G.R. No. 165662, 2006-05-03
Selegna Management and Development Corporation vs. United Coconut Planters Bank
Respondent United Coconut Planters Bank issued a credit facility to petitioners Selegna Management and Development Corporation and spouses Edgardo and Zenaida Angeles. Petitioners executed real estate mortgages over many parcels of land and condominium units as security for this credit facility. Petitioners were also asked to sign a promissory note in favor of respondent if they used the credit facility. They paid the interest in monthly installments, as required by the terms of these notes.
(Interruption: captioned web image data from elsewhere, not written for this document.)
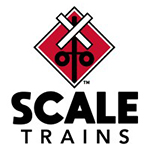 ScaleTrains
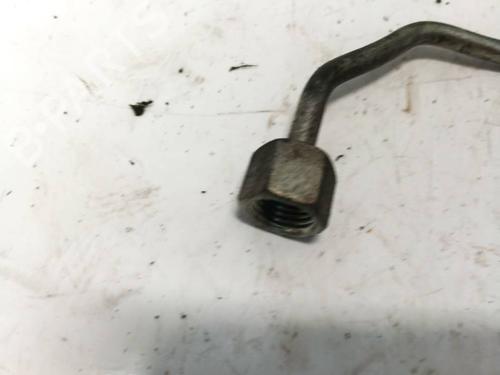 Pipe NISSAN NV200 Van 1.5 dCi 85 (M20, M20N, M20M) | BP34977440M125 - Image 3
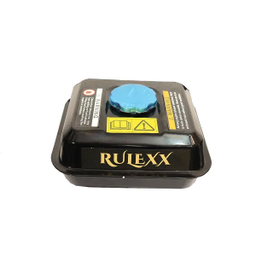 موتور تک بنزینی رولکس مدل SMT-RULEX-GX200 1/2R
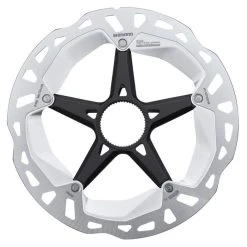 Shimano XT RT-MT800 Centerlock Disc Rotor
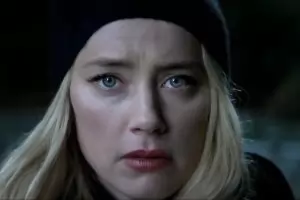 Фенове на Джони Деп плашат Стивън Кинг с бойкот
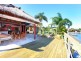 53 Platypus Avenue, Sorrento QLD 4217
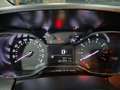 Citroen C3 Aircross 1.2 PureTech 110 Shine ** nur 7.000 km ** Grau - thumbnail 23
The parties agreed in their Credit Agreement that failure to pay any availment of the accommodation, interest, or any other sum due shall constitute an event of default, allowing respondent bank to proclaim all outstanding availments of the accommodation, plus accrued interest, and any other sum payable, as immediately due and payable.
Petitioners secured an increase in their credit facility from UCPB in order to procure additional business capital. They signed a Promissory Note for this purpose. In the same note, they agreed to a yearly interest rate of 21.75 percent, payable in monthly installments.
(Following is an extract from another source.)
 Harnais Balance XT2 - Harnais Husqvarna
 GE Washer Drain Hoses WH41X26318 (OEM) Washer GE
Respondent sent petitioners a demand letter confirming that they failed to pay interest amortizations and asking them to pay the outstanding obligation. Respondent decided to invoke the acceleration provision in their credit agreement and, by counsel, relayed its move to petitioners demanding them to pay within 5 days from the day that they received the letter. Respondent sent another letter containing a final demand on petitioners to settle their past due obligation in full within 5 days of receipt of the letter. In response, petitioners paid respondent a partial payment of the accrued interests. Apparently unsatisfied, UCPB applied for extrajudicial foreclosure of petitioners’ mortgaged properties. When petitioners received the notice of extra judicial foreclosure sale, they requested UCPB to give them a period of sixty days to update their accrued interest charges; and to restructure or, in the alternative, to negotiate for a takeout of their account, but the Bank denied petitioners’ request.
Whether or not petitioners were in default.
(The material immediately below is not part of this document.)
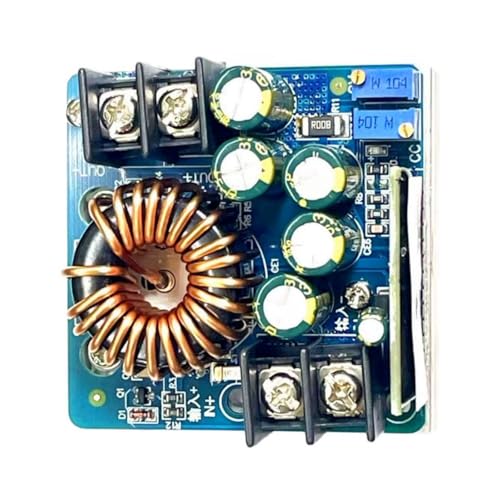 NPYQ W Leistungswandlermodul Für Eine Stabile Stromversorgung In Industriellen Geräten Einstellbaren Konstanten Spannungen Strom NPYQ W Leistungswandlermodul Für Eine Stabile Stromversorgung In Industriellen Geräten Einstellbaren Konstanten Spannungen Strom von NPYQ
Yes, petitioners were in default. It is a well-established legal principle that foreclosure is appropriate when debtors fail to pay their obligations. In fact, the parties agreed in their credit agreements, mortgage contracts, and promissory notes that respondent had the authority to foreclose on the mortgages in the event of petitioners' default. It is undeniable that this authority was given. Mora solvendi, or debtor's default, is described as a delay in the execution of an obligation caused by the debtor. A discovery of default requires three prerequisites. First, the duty is demandable and liquidated; second, the debtor delays performance; and third, the creditor allows the debtor's performance judicially or extrajudicially. All of which were done by the petitioners. It is, however, stated in Civil Code, Art. 1169, paragraph 1 that “Those obliged to deliver or to do something incur in delay from the time the obligee judicially or extrajudicially demands from them the fulfillment of their obligation.”
So, that is it for this article guys! I hope you learned about this case and how the law take place in terms of this situatuion. As long as you have an agreement, written or not, you have to perform your obligation with good faith.